By "some numbers" I mean at least these:
1) The asset allocations in each individual account, and the resulting overall asset allocation.
2) The fund fees in each individual account, and the resulting overall expense ratio.
If you do that it might be enough to clarify things for you. If not, posting the results of that exercise would at least allow for some very specific feedback and that may also help.
OK. I kind of did this. I don't really know how to take into account future contributions so i just set it up as:
1) My TSP, where it stands now (60K)
2) DH's rolled over 403b, currently headed into a Vanguard IRA (Vanguard Retirement 2045), and (5.9K)

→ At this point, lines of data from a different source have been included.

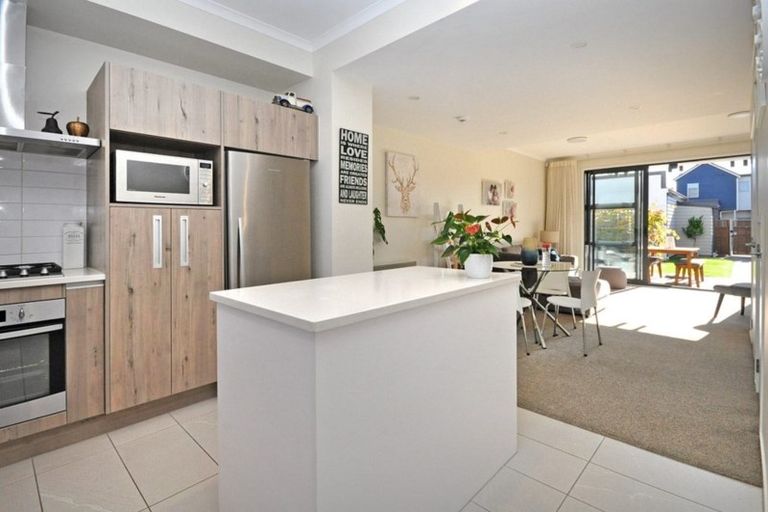 Photo of property in 170 Hobsonville Point Road, Hobsonville, Auckland, 0616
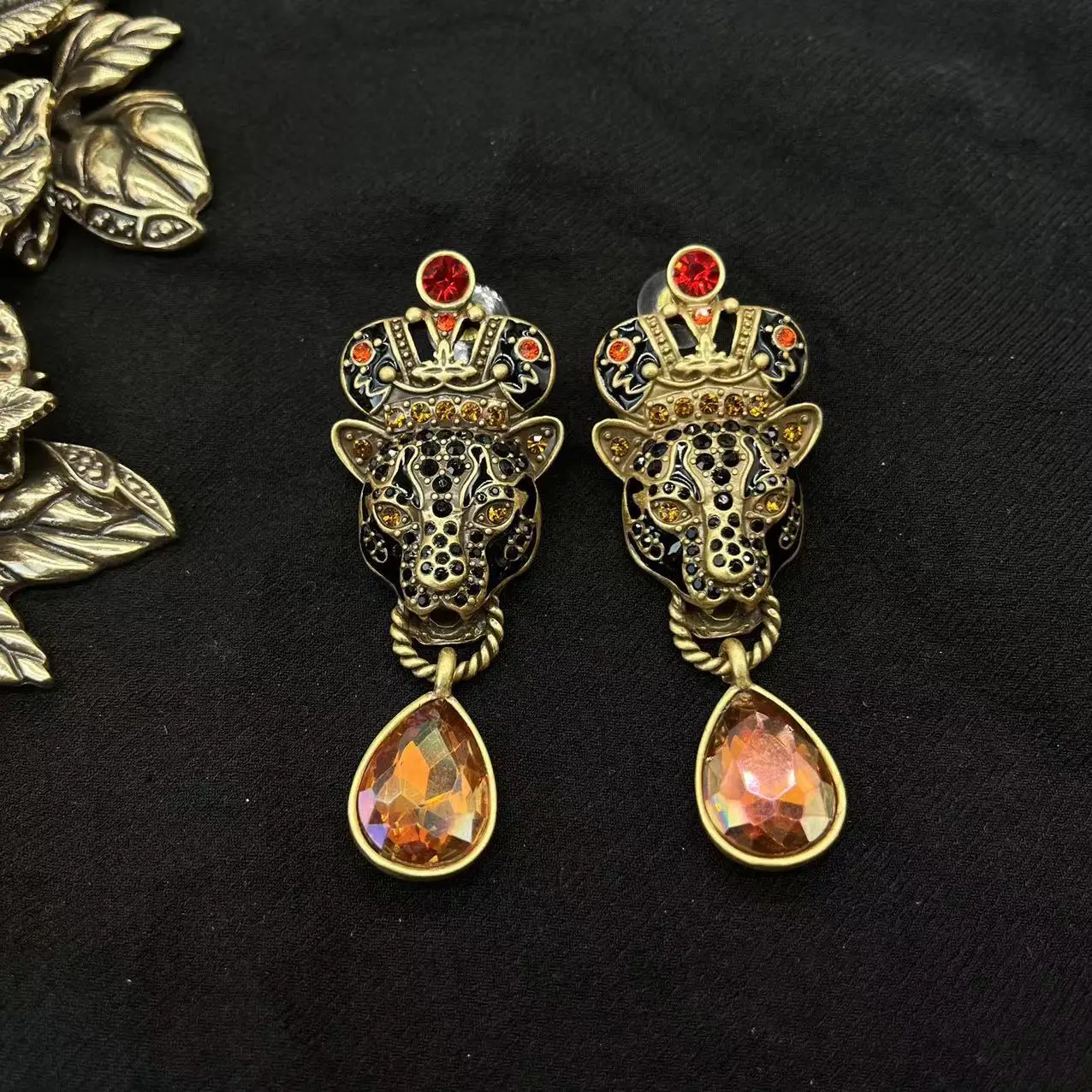 

Carefully Designed European and American Styles, Eye-catching and Charming Colorful Pendant Earrings in The Shape of Sacred Anim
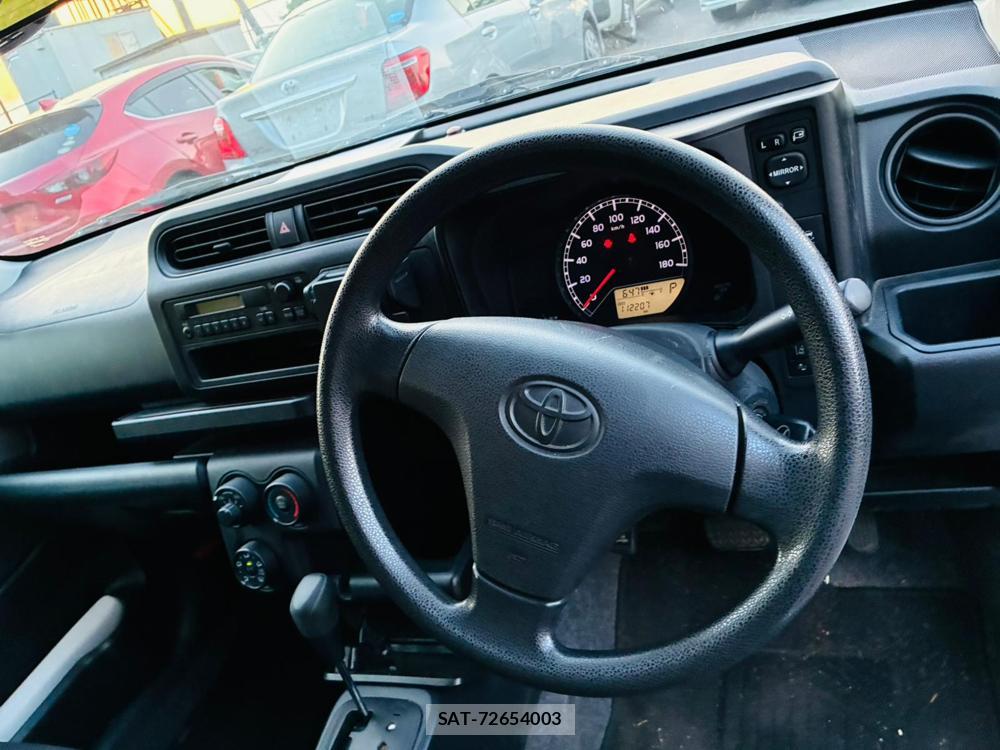 Toyota SUCCEED VAN 2019-06 7683579-14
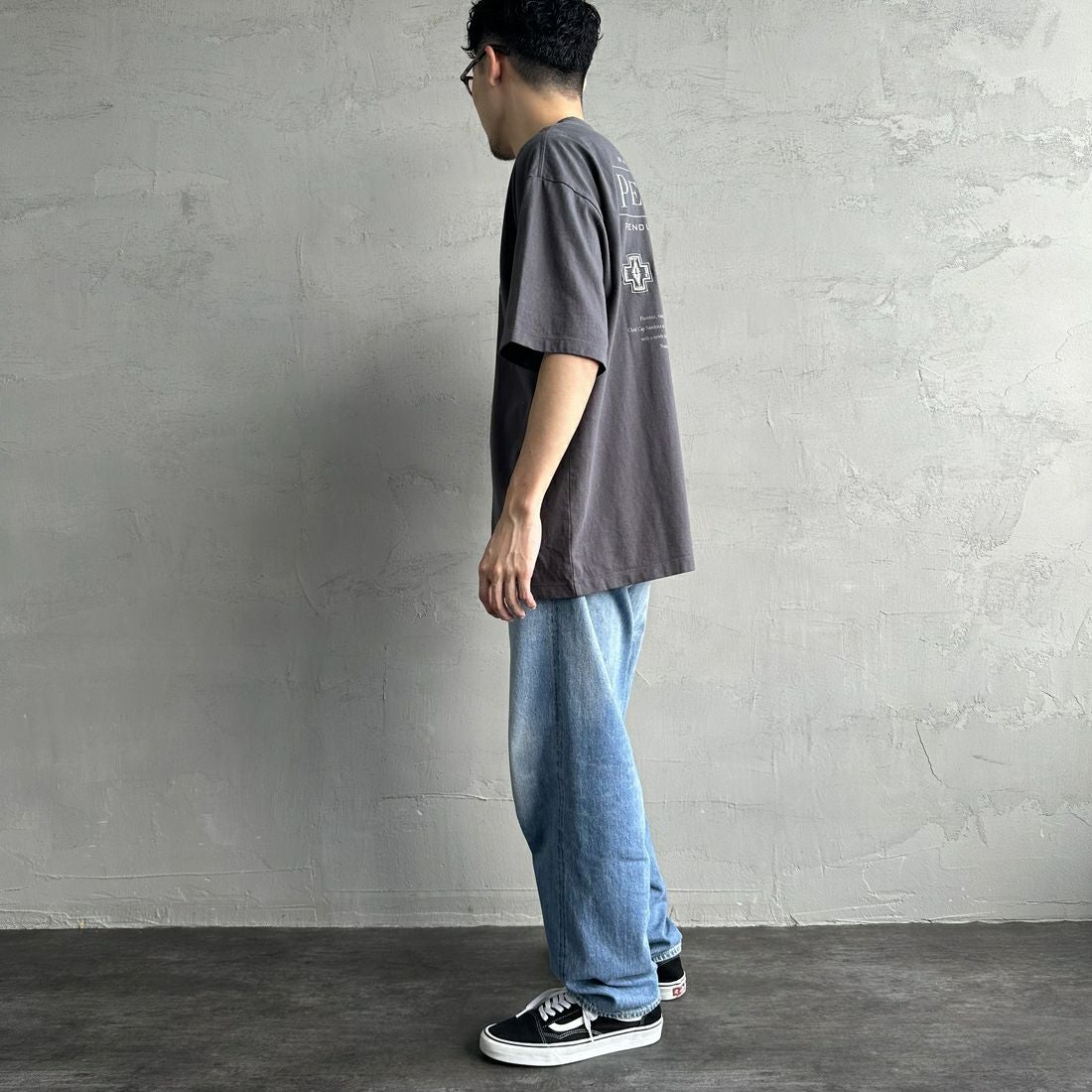 PENDLETON [ペンドルトン] 別注 ピグメント染め ヒストリーロゴバックプリントTシャツ [5275-0207-JF] SUMIKURO &&モデル身長：168cm 着用サイズ：L&&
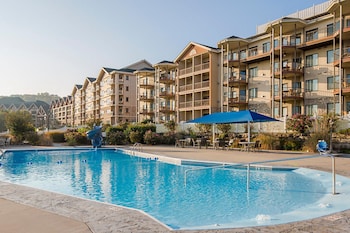 hilton grand vacations club paradise point hollister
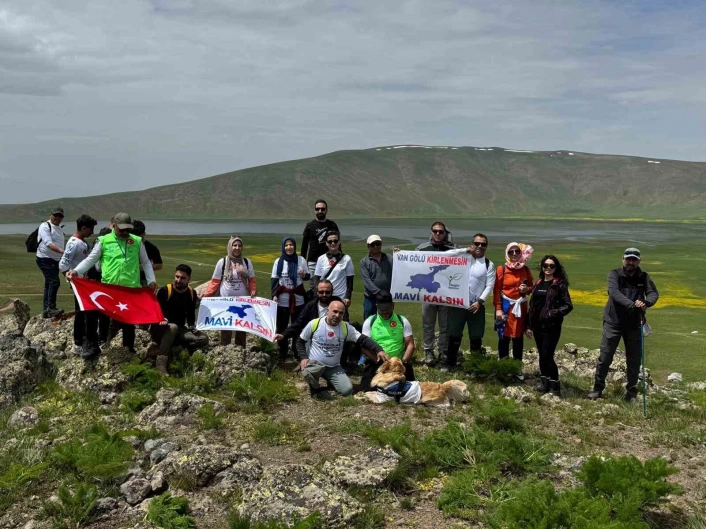 Doğaseverler, Erciş'in gizli cenneti Meydan Yaylasında buluştu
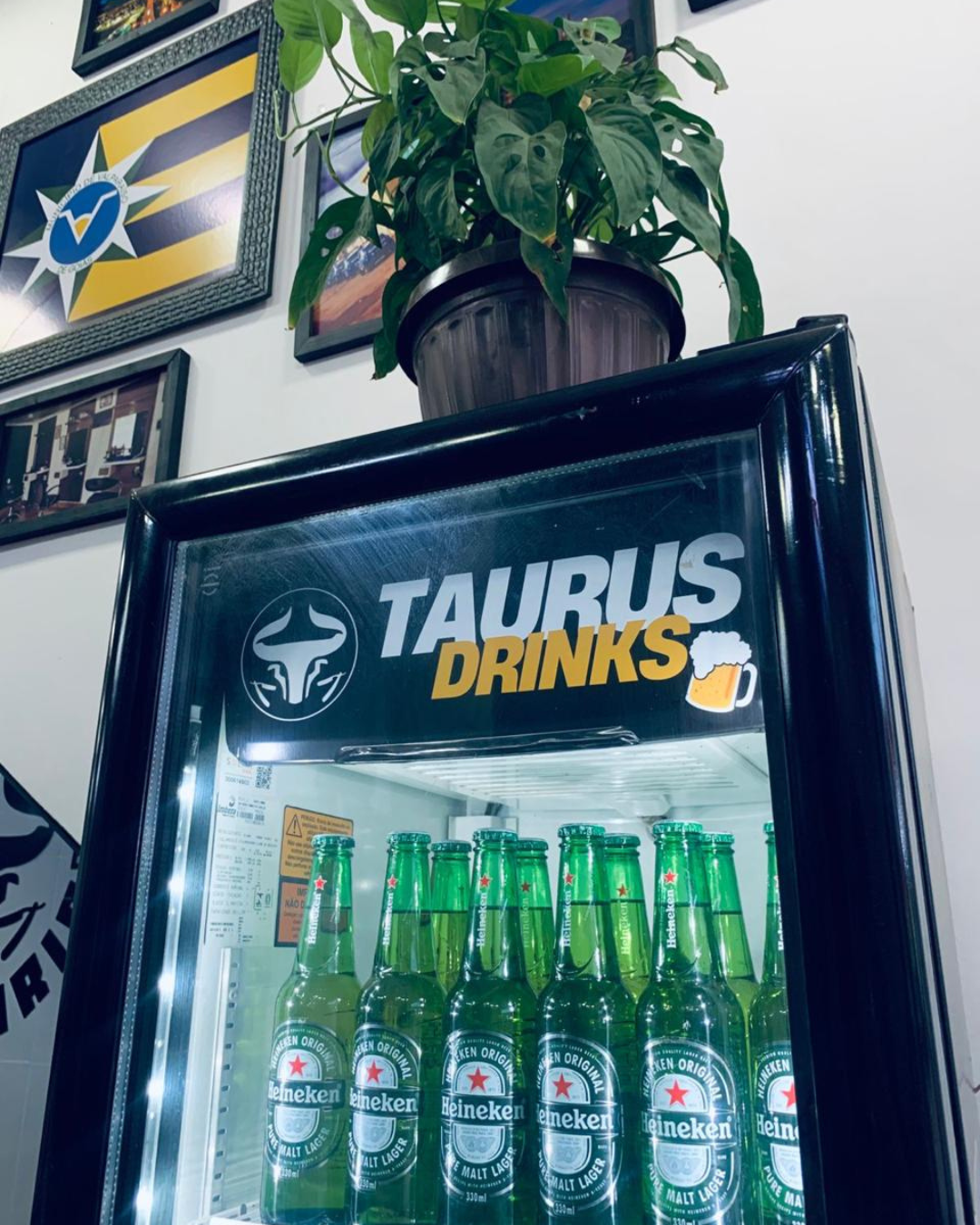 Post Instagram Barbearia Dia de Corte Preto e Laranja (4)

3) The 457, if we rolled the whole thing over into the lifecycle fund with nationwide at the new county (5.9K)
So with that.....our weighted expense ratio is .09. (Thank you, TSP!)
Our weighted allocation is 23% bonds/cash, 55% domestic stocks, 22% international.
(Note: the lifecycle fund with nationwide is like 11% cash and 1% bonds - is that worrisome? seemed kind of weird).
Or we could look at it this way:
Currently, our retirement assets (my TSP and DH's rolled over 403b) have a .04 weighted expense ratio, at 23.67% bonds/cash, 54.13% domestic stocks, and 22.20% international stocks.
We have an additional 5.9K available roll over somewhere and are looking for a place to put an additional ~9K annually.
Some thoughts I'm having based on this - let me know if I'm on the right track:
1) Thanks to the TSP our weighted expense ratio is very low, so maybe a high-fee 457 isn't the worst idea in the world
2) Our international stock exposure is a little light and our bonds are a little heavy (this is all driven by the TSP).
However - I'm a set it and forget it kind of investor - I really like being in lifecycle funds that take care of themselves. Also, the Vanguard Retirement 2045 fund is at about 10% bonds/cash and 35% international, so that will do a pretty good job offsetting the TSP.
I am thinking:
1) Start a Roth IRA in DH's name and invest that also in Vanguard Retirement 2045 - low fees, tax diversification, no RMD, good lifecycle fund to offset the TSP
2) Roll the old 457 into the new county - either do the lifecycle fund or go all-in with the S&P lower-fee fund - and make small contributions moving forward
3) Contribute to the 403b as well: (ticker/expense ratio)
10% bonds (the bonds in this plan kind of confuse me, i'll ask the dude about them - exp ratios are .4-.85, though)
15% small cap (VSMAX/.09)
15% mid cap (VIMAX/.09)
30% large cap (FUSEX/.10) --- unless we do the 457 as all S&P and then I will drop this entirely and adjusted remaining percents
30% international (FSIIX/.20)
....and then adjust this one to increase the bonds as we age.
The TSP will always be our largest account so to me it makes sense to have everything else kind of offsetting its biases a bit...
Any huge holes in my logic? We may be meeting with a 403b person tonight so i have to get this all sorted out!